Now the long description. I have a discontinous data set, which the
gnuplot command nicely handles by treating a blank link in the data as
the start of a new line segment. However I've found no way of getting
such behaviour directly with gplot in octave. Plotting the data as
multiple lines is horribly slow if you have thousands of segments!!!!
So what I did was create a temporary file with tmpnam, write my data to
it with the required line breaks, and then call gplot on this temporary
file. Fine up to this point. However, the problem comes about when I
want to get rid of the temporary file.
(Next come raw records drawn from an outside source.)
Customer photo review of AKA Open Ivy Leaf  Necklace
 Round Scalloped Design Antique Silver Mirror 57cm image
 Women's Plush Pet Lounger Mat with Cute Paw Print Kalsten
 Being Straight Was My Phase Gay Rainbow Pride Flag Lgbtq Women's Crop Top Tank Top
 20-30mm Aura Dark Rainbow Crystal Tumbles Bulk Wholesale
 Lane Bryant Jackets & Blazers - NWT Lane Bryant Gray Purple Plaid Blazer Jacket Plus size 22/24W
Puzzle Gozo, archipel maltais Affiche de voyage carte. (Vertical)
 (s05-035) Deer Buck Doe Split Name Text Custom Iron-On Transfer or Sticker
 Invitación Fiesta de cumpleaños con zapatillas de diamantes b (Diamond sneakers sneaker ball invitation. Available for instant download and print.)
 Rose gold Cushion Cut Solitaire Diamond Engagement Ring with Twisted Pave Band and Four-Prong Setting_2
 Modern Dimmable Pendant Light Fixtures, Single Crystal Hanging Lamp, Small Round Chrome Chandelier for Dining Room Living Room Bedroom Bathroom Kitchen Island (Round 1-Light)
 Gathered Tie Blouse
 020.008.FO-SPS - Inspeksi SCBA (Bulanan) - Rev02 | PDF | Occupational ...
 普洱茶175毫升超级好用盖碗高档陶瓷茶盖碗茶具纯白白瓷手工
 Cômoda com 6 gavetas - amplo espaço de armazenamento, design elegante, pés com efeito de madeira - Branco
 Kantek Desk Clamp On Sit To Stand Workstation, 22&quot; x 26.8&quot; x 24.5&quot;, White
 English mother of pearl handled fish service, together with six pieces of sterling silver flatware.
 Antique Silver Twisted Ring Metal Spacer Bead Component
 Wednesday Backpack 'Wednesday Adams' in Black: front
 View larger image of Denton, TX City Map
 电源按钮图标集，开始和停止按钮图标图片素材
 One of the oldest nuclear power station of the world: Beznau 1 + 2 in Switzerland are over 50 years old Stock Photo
As the octave sends data to the
gnuplot process with O_NONBLOCK flag set, control returns to the prompt
before the gnuplot command is finished as my actual gnuplot command is
something like
subplot(2,1,1)
gplot 'tmpfile'
subplot(2,1,2)
gplot 'tmpfile' using 1:3
then octave passes these commands into the gnuplot pipe, before gnuplot has
finished with the first plot. My call to "unlink(tmpfile)" then deletes the
file and the second plot doesn't appear.
Splitting this up into two seperate temporary files doesn't help as
the basic problem is that I get to the unlink command before gnuplot
has finished.
So, what I wanted to know. Is there a file descriptor for the gnuplot
pipe in a script file? Can I use "fcntl" on it to clear the
O_NONBLOCK flag?
Regards
David
--
David Bateman address@hidden
Motorola CRM +33 1 69 35 25 00 (Ph)
Espace Technologique, Commune de St Aubin +33 1 69 35 25 01 (Fax)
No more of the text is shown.